> _Your instructions_
Once the line with "BOLSA VASI ROJO" is found in the entries below, repeat it and each following line exactly, up to and including the line with "Exterior Door Handle EZC-FT-257 - image 2". Add no other lines.

> _Records_
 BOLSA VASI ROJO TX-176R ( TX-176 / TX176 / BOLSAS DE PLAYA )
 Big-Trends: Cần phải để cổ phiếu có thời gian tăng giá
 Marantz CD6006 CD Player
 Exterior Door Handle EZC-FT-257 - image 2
* * *
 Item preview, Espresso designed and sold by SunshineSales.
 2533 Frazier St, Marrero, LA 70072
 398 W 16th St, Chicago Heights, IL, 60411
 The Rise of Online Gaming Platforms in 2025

> _Solution to this task_
 BOLSA VASI ROJO TX-176R ( TX-176 / TX176 / BOLSAS DE PLAYA )
 Big-Trends: Cần phải để cổ phiếu có thời gian tăng giá
 Marantz CD6006 CD Player
 Exterior Door Handle EZC-FT-257 - image 2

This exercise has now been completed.